To do: Copy every line of the data exactly, leaving nothing out.

Data block:
• • • • • • •

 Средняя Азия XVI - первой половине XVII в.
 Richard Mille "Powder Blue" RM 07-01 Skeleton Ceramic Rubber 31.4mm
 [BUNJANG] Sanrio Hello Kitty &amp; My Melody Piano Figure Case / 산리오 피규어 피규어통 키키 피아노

• • • • • • •

Result of this exercise:
 Средняя Азия XVI - первой половине XVII в.
 Richard Mille "Powder Blue" RM 07-01 Skeleton Ceramic Rubber 31.4mm
 [BUNJANG] Sanrio Hello Kitty &amp; My Melody Piano Figure Case / 산리오 피규어 피규어통 키키 피아노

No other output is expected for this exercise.